### [Given material]
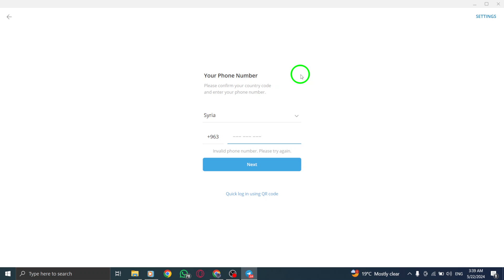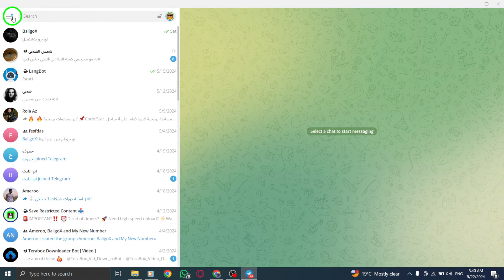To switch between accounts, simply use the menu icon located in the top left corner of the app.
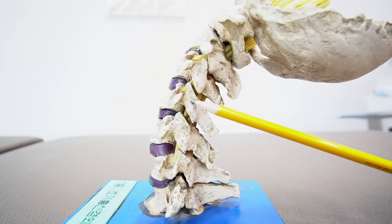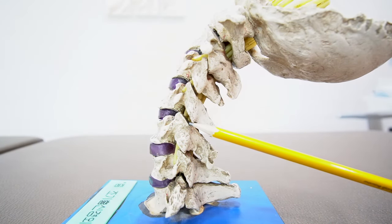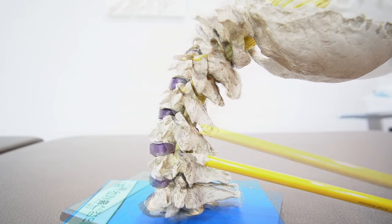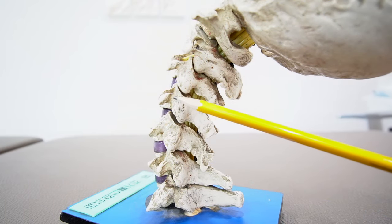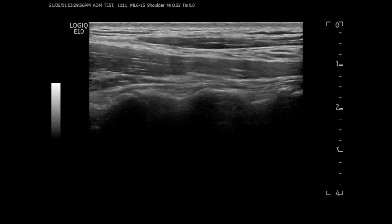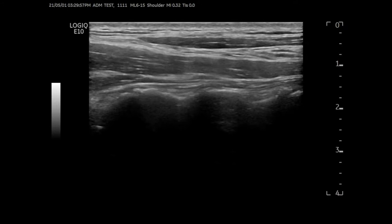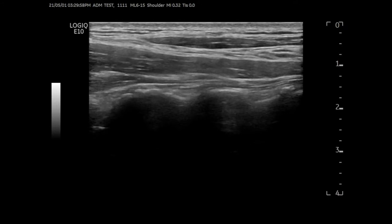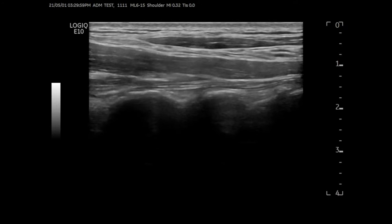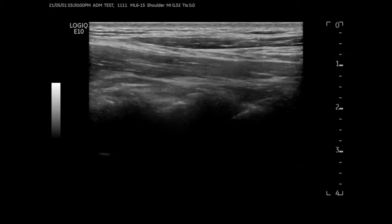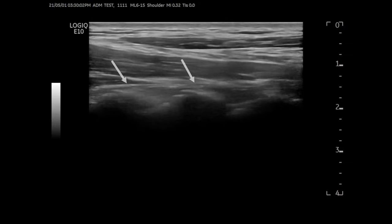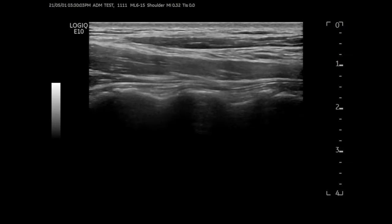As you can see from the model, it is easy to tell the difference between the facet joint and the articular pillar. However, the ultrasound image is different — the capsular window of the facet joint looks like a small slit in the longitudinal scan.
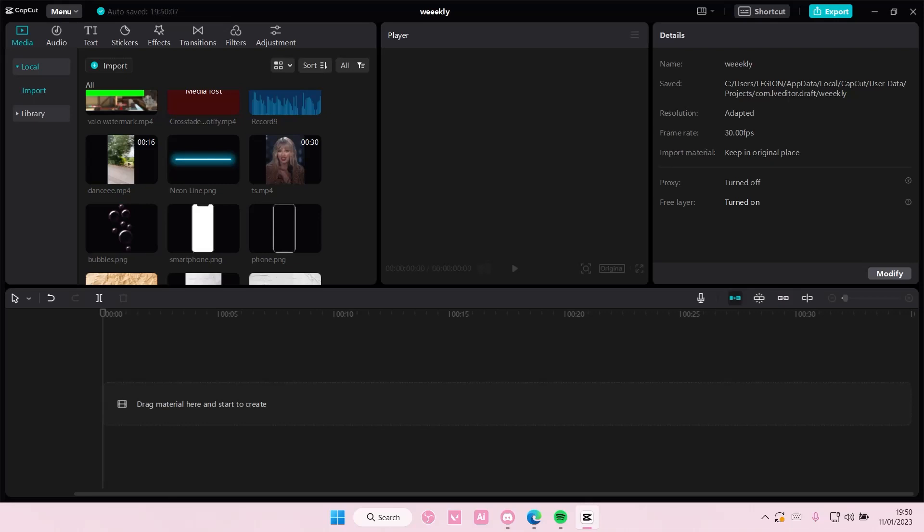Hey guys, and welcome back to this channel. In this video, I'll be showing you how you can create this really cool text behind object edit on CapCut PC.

### [Exercise directions]
Nothing but an exact copy of the data above, minus its pictures, should appear in the response.

### [Solution to this task]
To switch between accounts, simply use the menu icon located in the top left corner of the app.
As you can see from the model, it is easy to tell the difference between the facet joint and the articular pillar. However, the ultrasound image is different — the capsular window of the facet joint looks like a small slit in the longitudinal scan.
Hey guys, and welcome back to this channel. In this video, I'll be showing you how you can create this really cool text behind object edit on CapCut PC.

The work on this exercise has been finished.